Transcribe all the lines below exactly. Omit the pictures.

Data excerpt
* * * * * * * * *
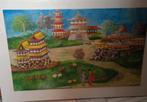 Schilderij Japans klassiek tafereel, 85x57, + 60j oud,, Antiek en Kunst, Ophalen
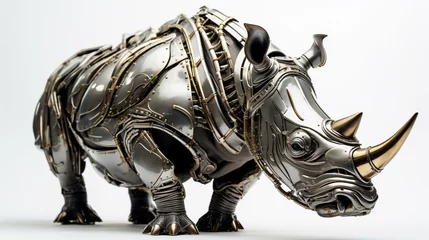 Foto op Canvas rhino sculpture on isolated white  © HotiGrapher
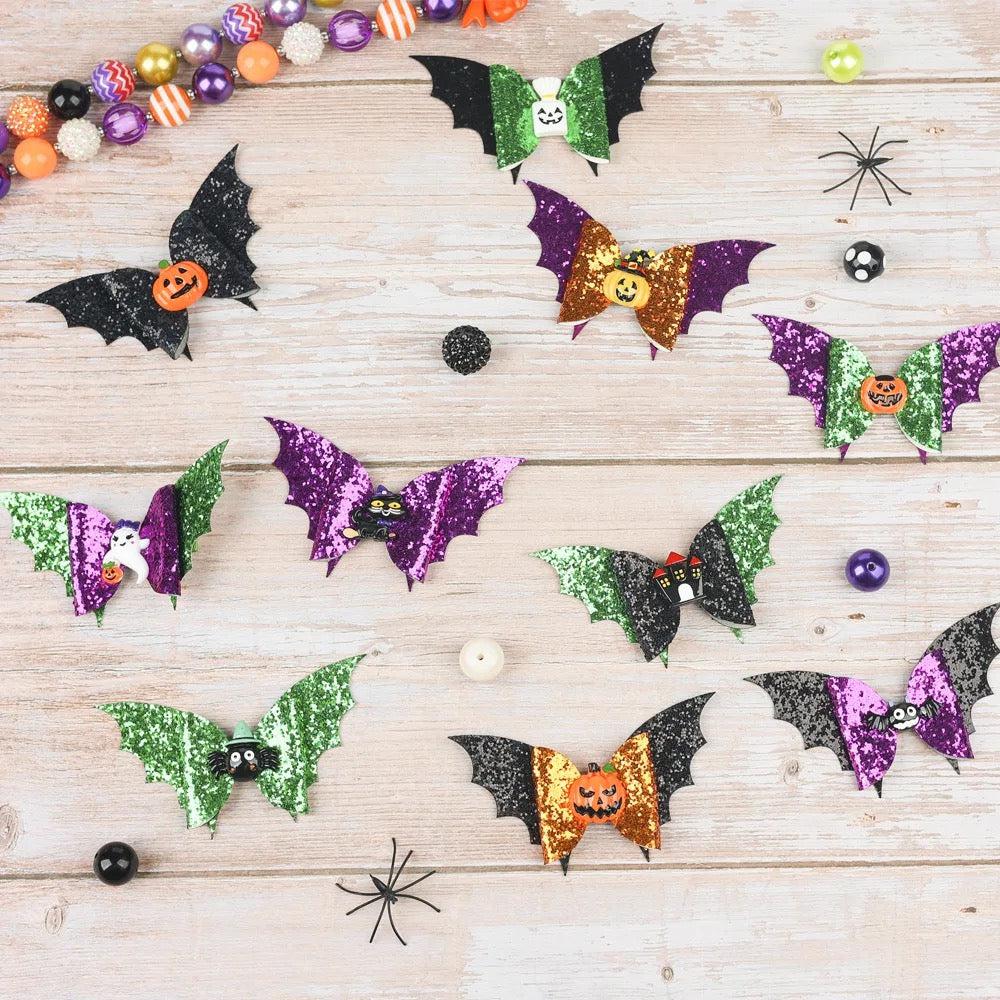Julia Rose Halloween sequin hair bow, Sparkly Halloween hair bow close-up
* * * * * * * * *
Expected answer
 Schilderij Japans klassiek tafereel, 85x57, + 60j oud,, Antiek en Kunst, Ophalen
 Foto op Canvas rhino sculpture on isolated white  © HotiGrapher
Julia Rose Halloween sequin hair bow, Sparkly Halloween hair bow close-up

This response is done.